• _PROBLEM_
What you give back should be exactly the lines from the one with "beckyraw20230710_00_02_50_25_Still745.jpg" through the final line of the material, pictures removed; please add nothing.

• _GIVEN INFORMATION_
===============

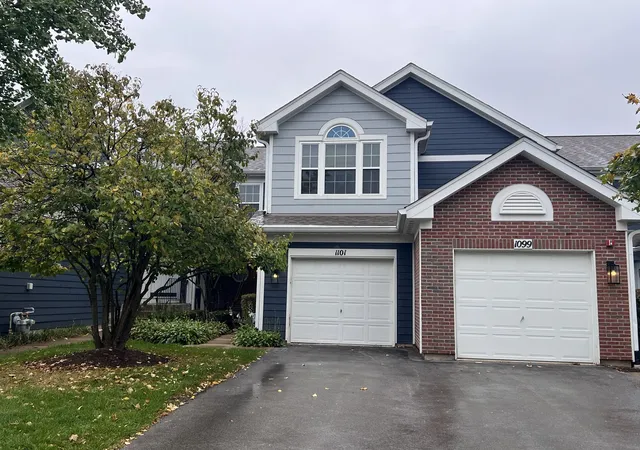 1101-camden-ct-1101-glendale-heights-il-60139/hzid_fd5736ab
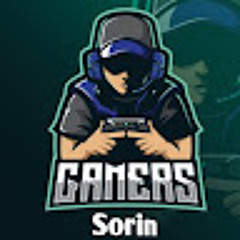 Esan Sorin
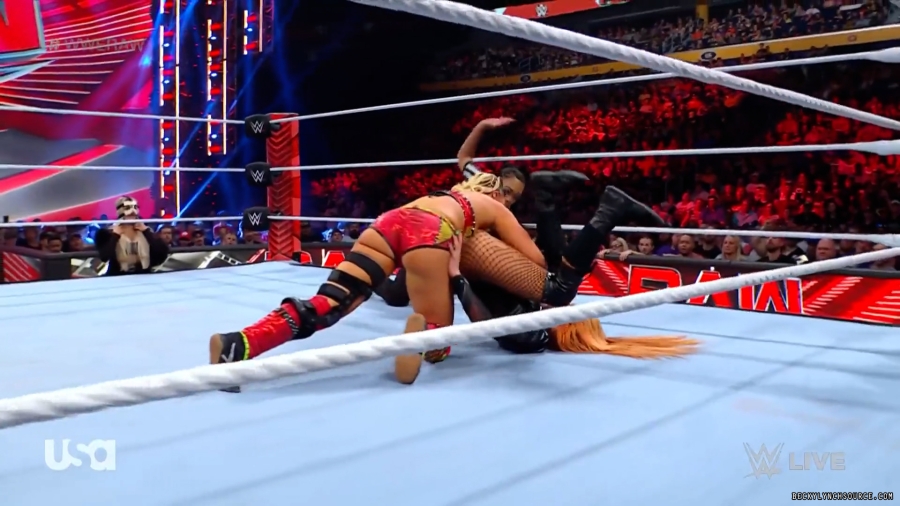 beckyraw20230710_00_02_50_25_Still745.jpg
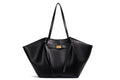 Sac Bandoulière Forme Chauve-Souris Grande Capacité – CLEVI Paris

===============

• _SOLUTION TO THIS PROBLEM_
 beckyraw20230710_00_02_50_25_Still745.jpg
 Sac Bandoulière Forme Chauve-Souris Grande Capacité – CLEVI Paris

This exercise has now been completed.